**DATA FOR REVIEW:**
------
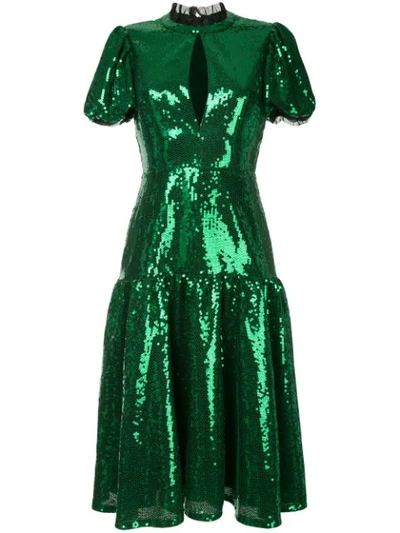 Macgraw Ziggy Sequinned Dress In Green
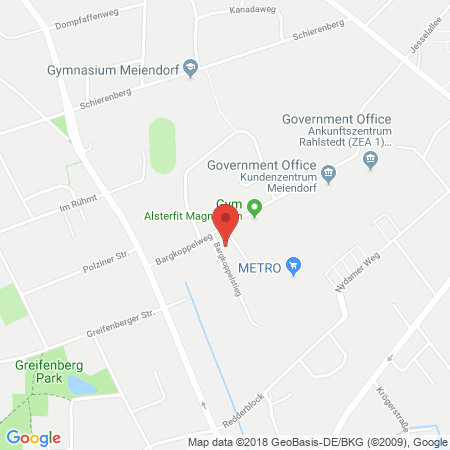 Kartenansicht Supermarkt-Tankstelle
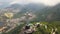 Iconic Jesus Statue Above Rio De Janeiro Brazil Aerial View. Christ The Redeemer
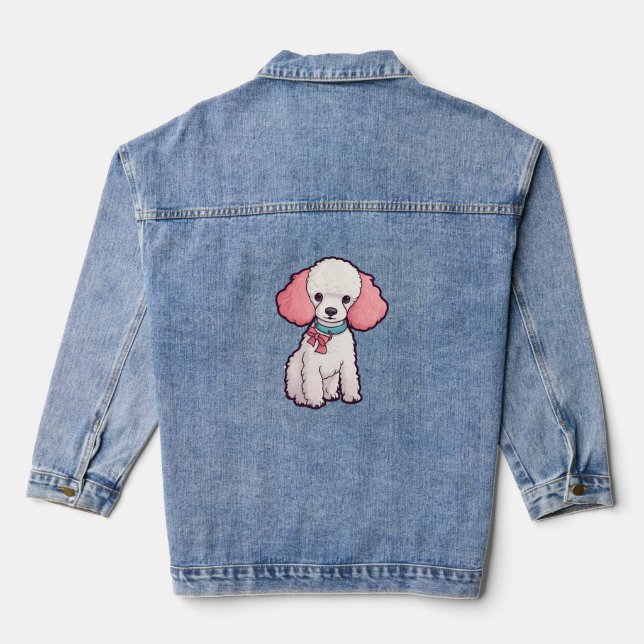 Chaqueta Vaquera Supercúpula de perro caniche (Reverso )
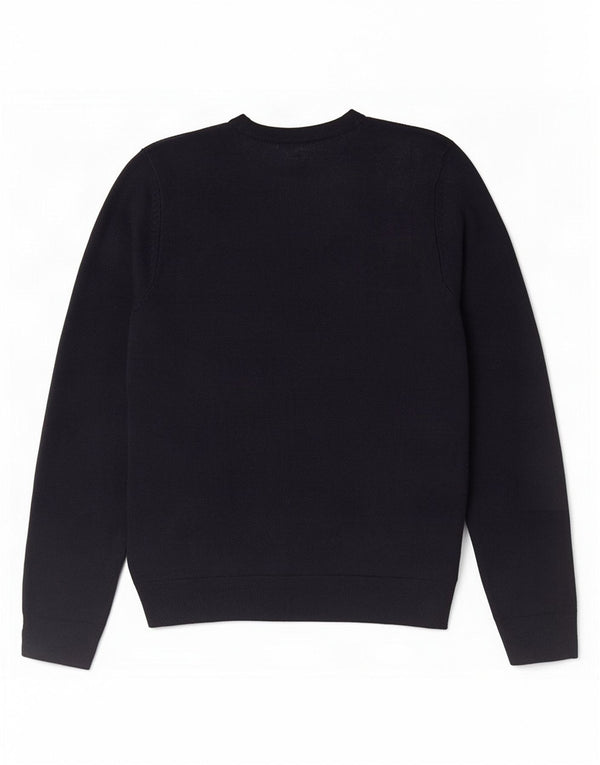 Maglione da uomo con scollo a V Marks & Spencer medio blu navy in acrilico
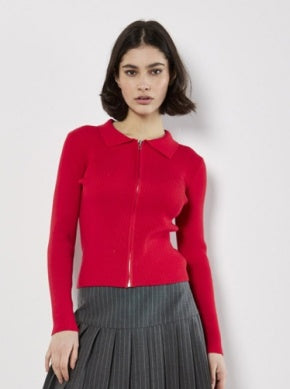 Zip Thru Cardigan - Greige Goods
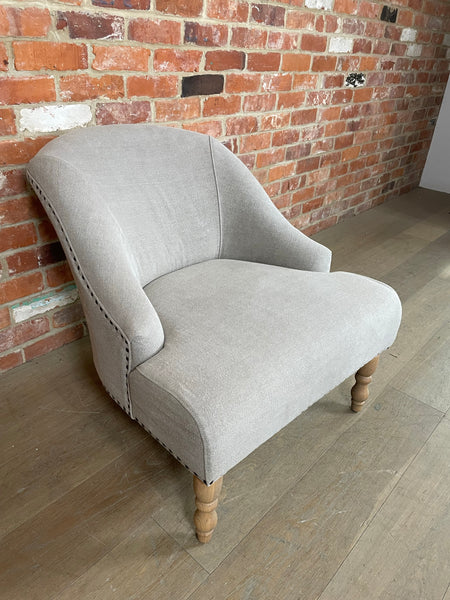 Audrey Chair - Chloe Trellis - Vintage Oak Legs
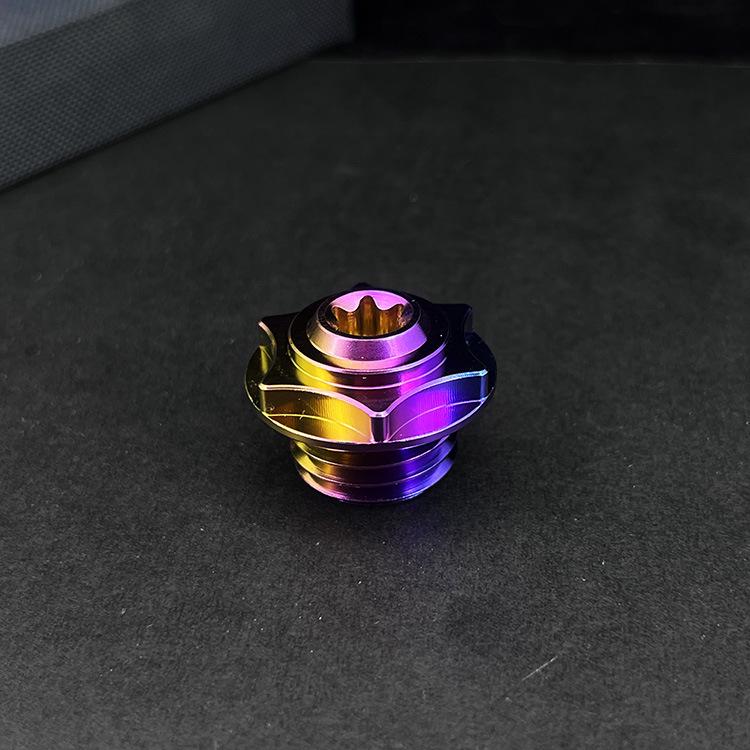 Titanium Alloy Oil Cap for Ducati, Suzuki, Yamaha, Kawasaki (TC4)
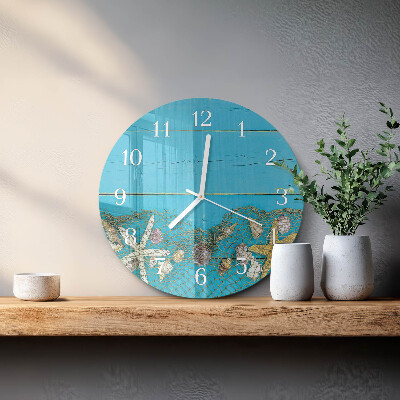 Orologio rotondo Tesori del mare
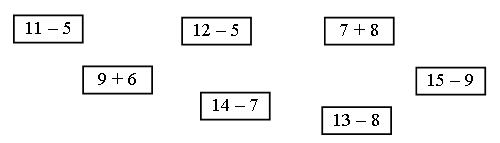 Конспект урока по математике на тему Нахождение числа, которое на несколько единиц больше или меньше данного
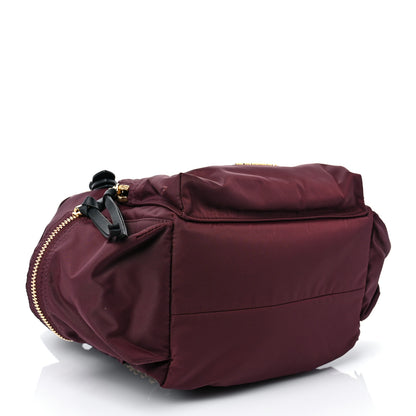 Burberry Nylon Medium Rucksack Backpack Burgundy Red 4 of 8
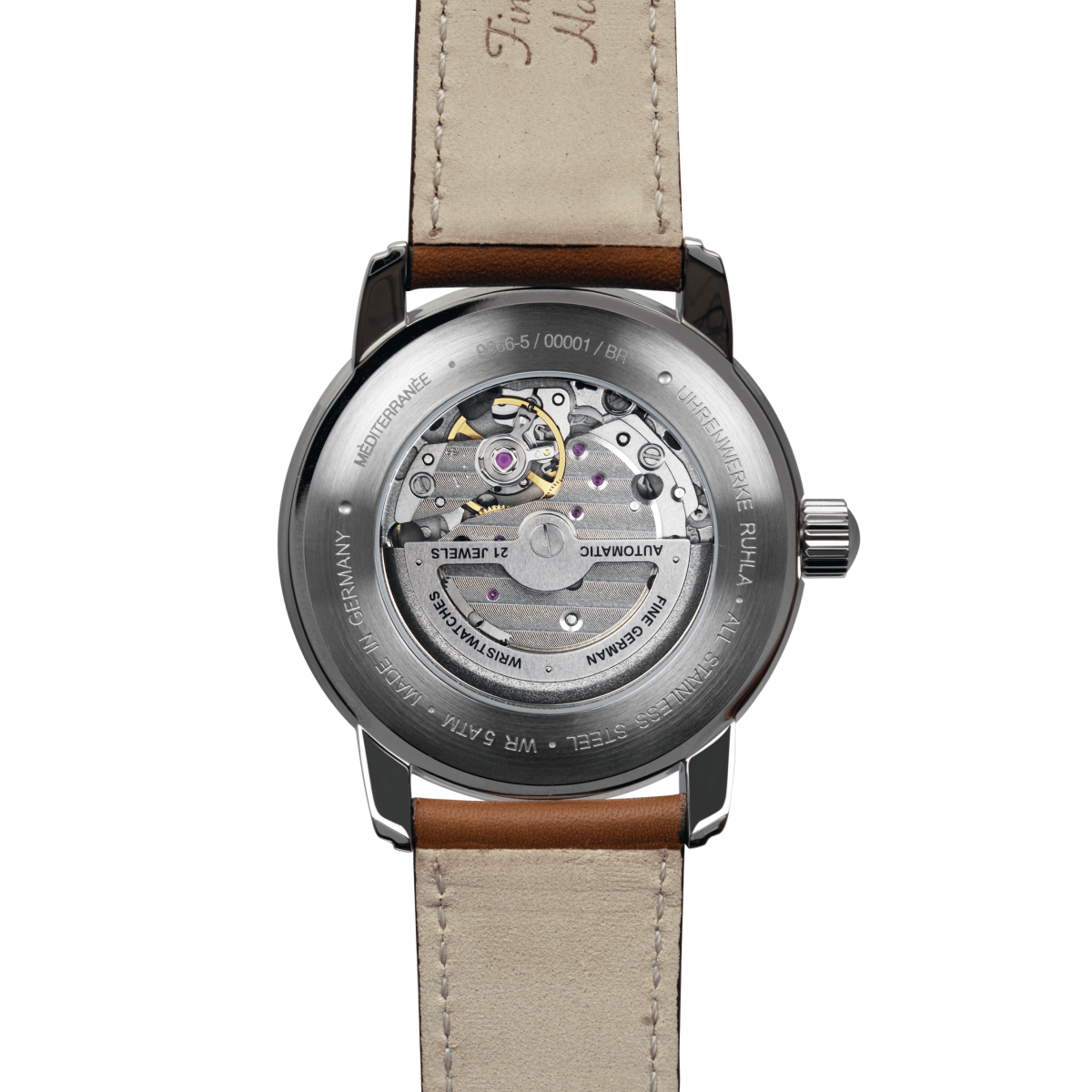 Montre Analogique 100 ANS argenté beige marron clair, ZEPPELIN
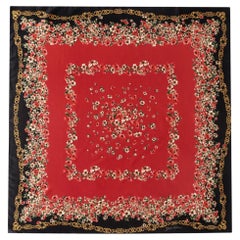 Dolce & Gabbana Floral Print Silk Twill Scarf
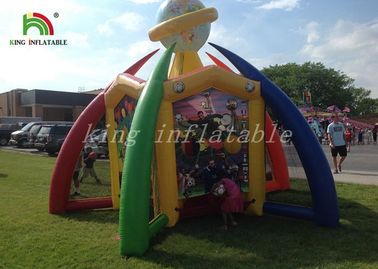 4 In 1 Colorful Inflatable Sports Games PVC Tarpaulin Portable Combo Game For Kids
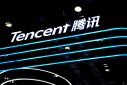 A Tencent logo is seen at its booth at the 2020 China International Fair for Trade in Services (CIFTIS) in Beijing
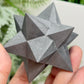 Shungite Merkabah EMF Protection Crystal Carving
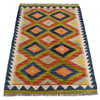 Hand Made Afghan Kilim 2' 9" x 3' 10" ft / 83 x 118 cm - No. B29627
------
Please write out every entry exactly, but skip the pictures.

 Macgraw Ziggy Sequinned Dress In Green
 Kartenansicht Supermarkt-Tankstelle
 Iconic Jesus Statue Above Rio De Janeiro Brazil Aerial View. Christ The Redeemer
 Chaqueta Vaquera Supercúpula de perro caniche (Reverso )
 Maglione da uomo con scollo a V Marks & Spencer medio blu navy in acrilico
 Zip Thru Cardigan - Greige Goods
 Audrey Chair - Chloe Trellis - Vintage Oak Legs
 Titanium Alloy Oil Cap for Ducati, Suzuki, Yamaha, Kawasaki (TC4)
 Orologio rotondo Tesori del mare
 Конспект урока по математике на тему Нахождение числа, которое на несколько единиц больше или меньше данного
 Burberry Nylon Medium Rucksack Backpack Burgundy Red 4 of 8
 Montre Analogique 100 ANS argenté beige marron clair, ZEPPELIN
 Dolce & Gabbana Floral Print Silk Twill Scarf
 4 In 1 Colorful Inflatable Sports Games PVC Tarpaulin Portable Combo Game For Kids
 A Tencent logo is seen at its booth at the 2020 China International Fair for Trade in Services (CIFTIS) in Beijing
 Shungite Merkabah EMF Protection Crystal Carving
 Hand Made Afghan Kilim 2' 9" x 3' 10" ft / 83 x 118 cm - No. B29627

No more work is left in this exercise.